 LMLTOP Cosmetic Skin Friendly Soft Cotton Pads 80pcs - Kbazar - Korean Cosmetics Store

==

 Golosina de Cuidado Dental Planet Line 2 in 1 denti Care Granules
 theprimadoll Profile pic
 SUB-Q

...

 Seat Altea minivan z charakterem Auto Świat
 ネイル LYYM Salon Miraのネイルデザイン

> _PROBLEM STATEMENT_
Output, from the data above, the lines from the line with "Seat Altea minivan z charakterem Auto Świat" to the line with "ネイル LYYM Salon Miraのネイルデザイン" exactly as they stand, both ends included and nothing else.

> _YOUR RESPONSE_
 Seat Altea minivan z charakterem Auto Świat
 ネイル LYYM Salon Miraのネイルデザイン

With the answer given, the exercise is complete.